▶ **Given information**:
▼
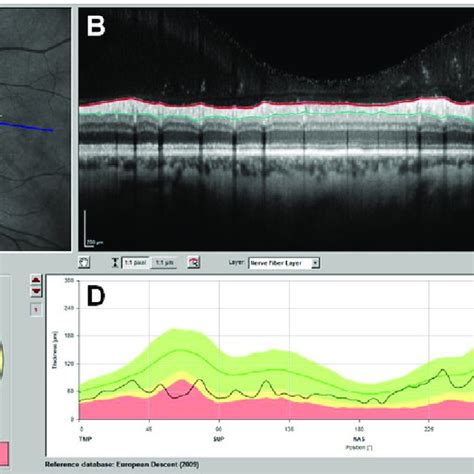 5 Peripapillary Oct Scan Captured Using Spectralis Oct Heidelberg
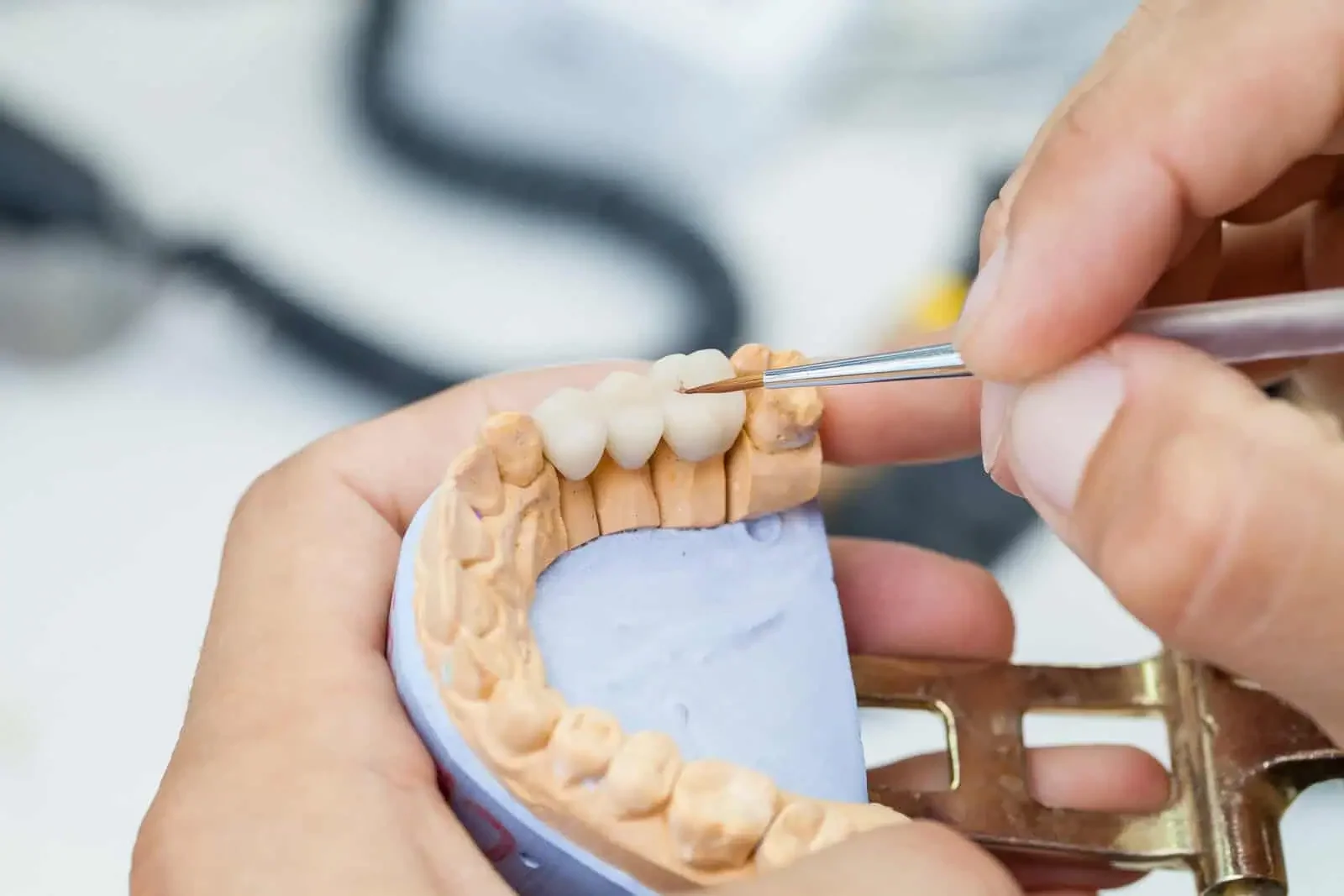 Crown Lengthening at Refined Smiles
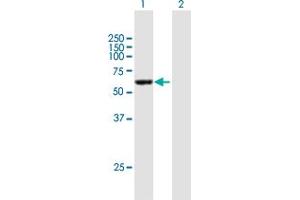 Western Blot analysis of CCDC6 expression in transfected 293T cell line by CCDC6 MaxPab polyclonal antibody. (CCDC6 antibody  (AA 1-474))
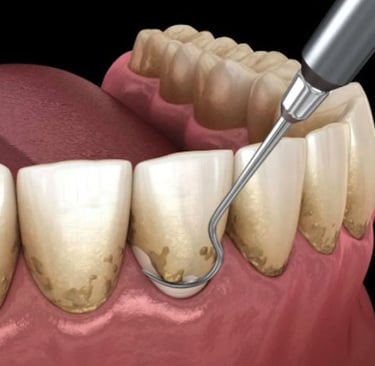 a image showing scaler used to scaling in anterior 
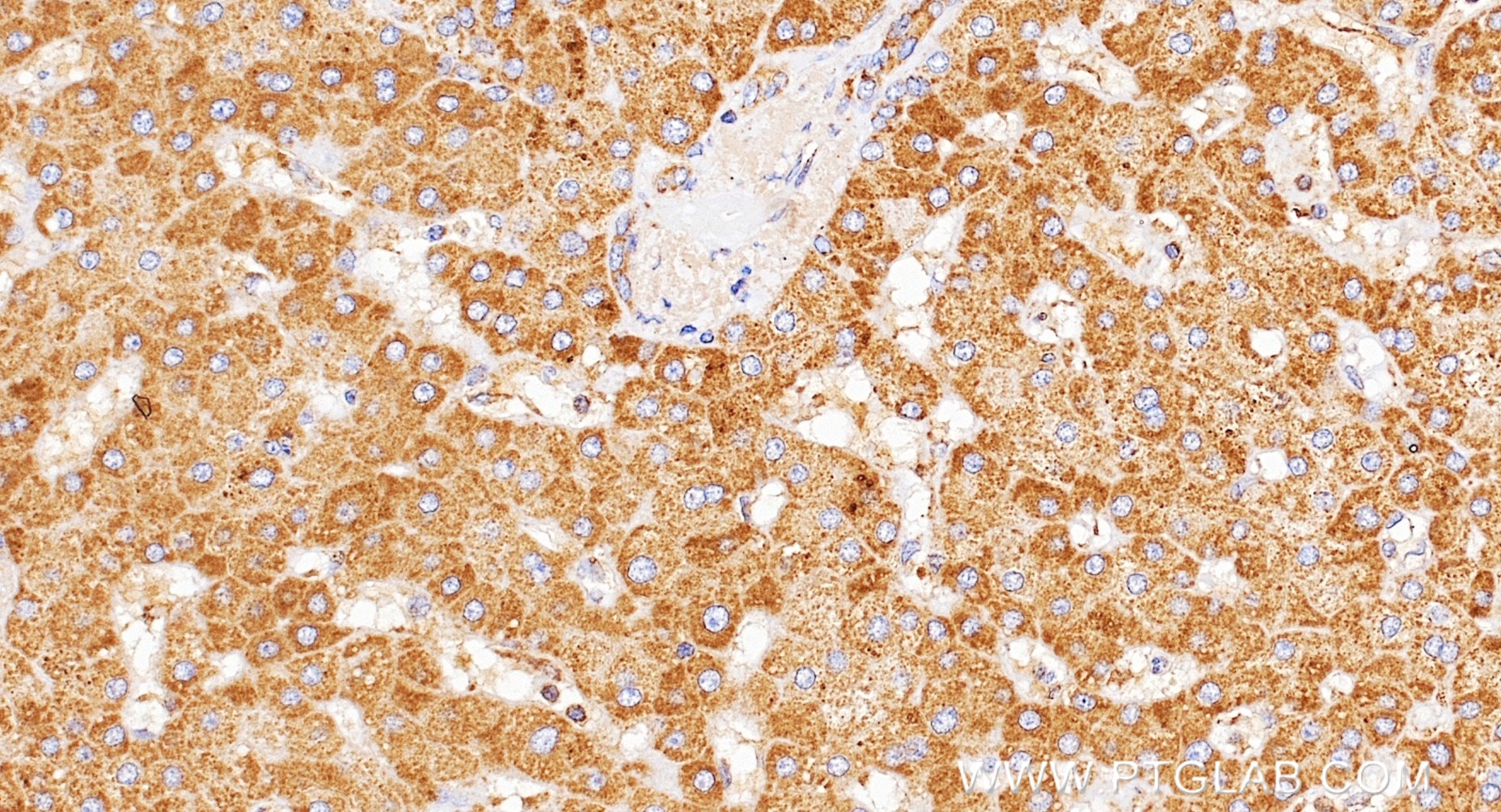 IHC staining of human liver using 98468-2-RR (same clone as 98468-2-PBS) Immunohistochemistry (IHC) staining of human liver tissue using Anti-Human ADAMTS13 Rabbit Recombinant Antibody (98468-2-RR)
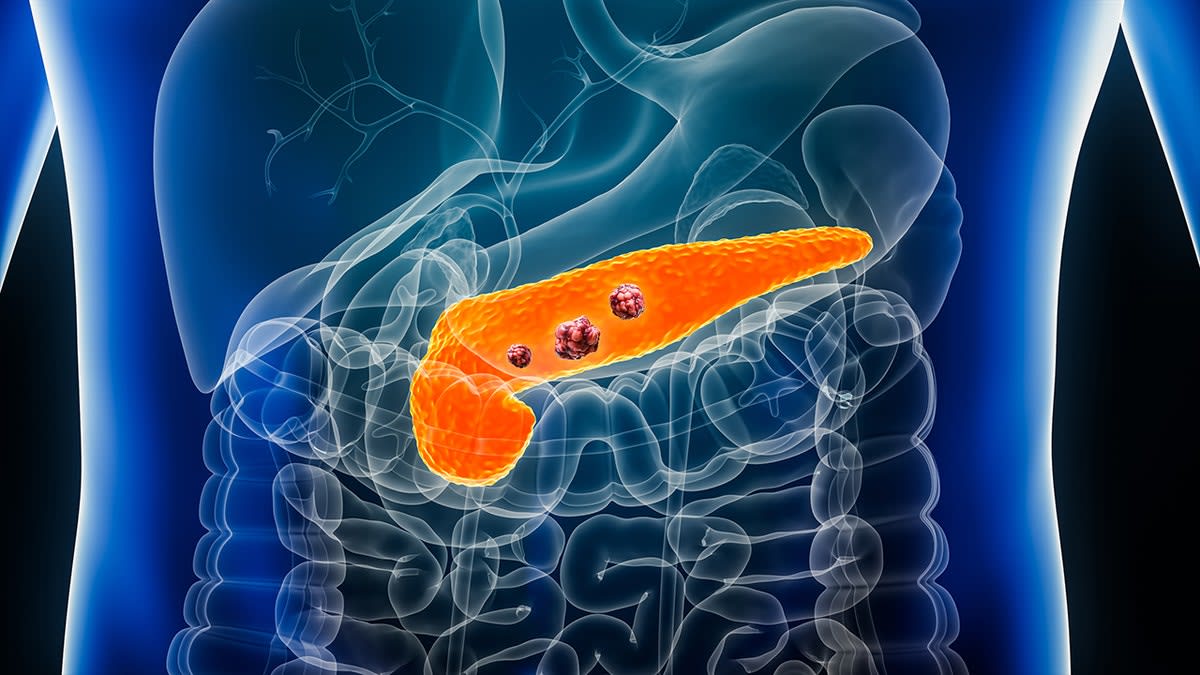 New Pancreatic Cancer Pill Shows 90% Control Rate in Trial - Image 5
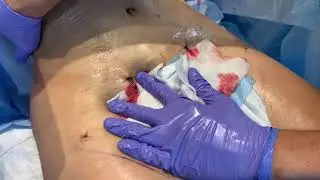 THIS MOMMY HAS A SNATCHED WASIT AND SIX PACK AFTER SUPERMODEL LIPOSUCTION AT 1 DAY | Dr. Jason Emer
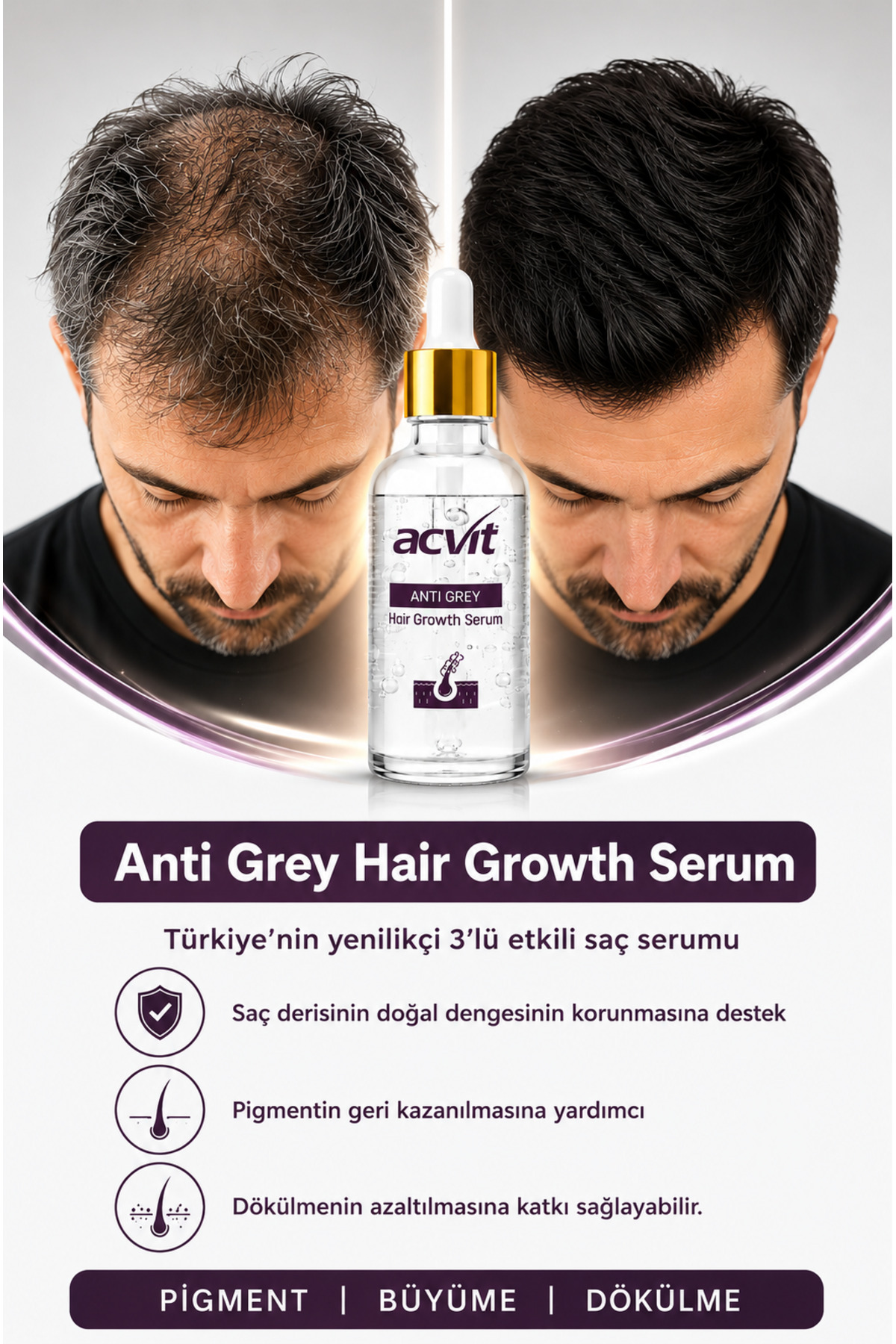 Anti Grey Hair Growth Serum - Beyaz Saç ve Dökülme Kontrolü - Saç Derisini Güçlendirme — AGH01 — تصویر 4 از 9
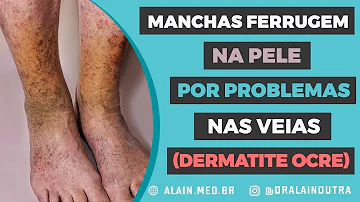 O que pode ser veias escuras?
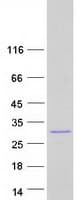 Human C3orf83 Protein (Recombinant Myc-DDK (Flag))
▲
A word-for-word copy of all the data, without pictures, is the expected output.

 5 Peripapillary Oct Scan Captured Using Spectralis Oct Heidelberg
 Crown Lengthening at Refined Smiles
 Western Blot analysis of CCDC6 expression in transfected 293T cell line by CCDC6 MaxPab polyclonal antibody. (CCDC6 antibody  (AA 1-474))
 a image showing scaler used to scaling in anterior 
 IHC staining of human liver using 98468-2-RR (same clone as 98468-2-PBS) Immunohistochemistry (IHC) staining of human liver tissue using Anti-Human ADAMTS13 Rabbit Recombinant Antibody (98468-2-RR)
 New Pancreatic Cancer Pill Shows 90% Control Rate in Trial - Image 5
 THIS MOMMY HAS A SNATCHED WASIT AND SIX PACK AFTER SUPERMODEL LIPOSUCTION AT 1 DAY | Dr. Jason Emer
 Anti Grey Hair Growth Serum - Beyaz Saç ve Dökülme Kontrolü - Saç Derisini Güçlendirme — AGH01 — تصویر 4 از 9
 O que pode ser veias escuras?
 Human C3orf83 Protein (Recombinant Myc-DDK (Flag))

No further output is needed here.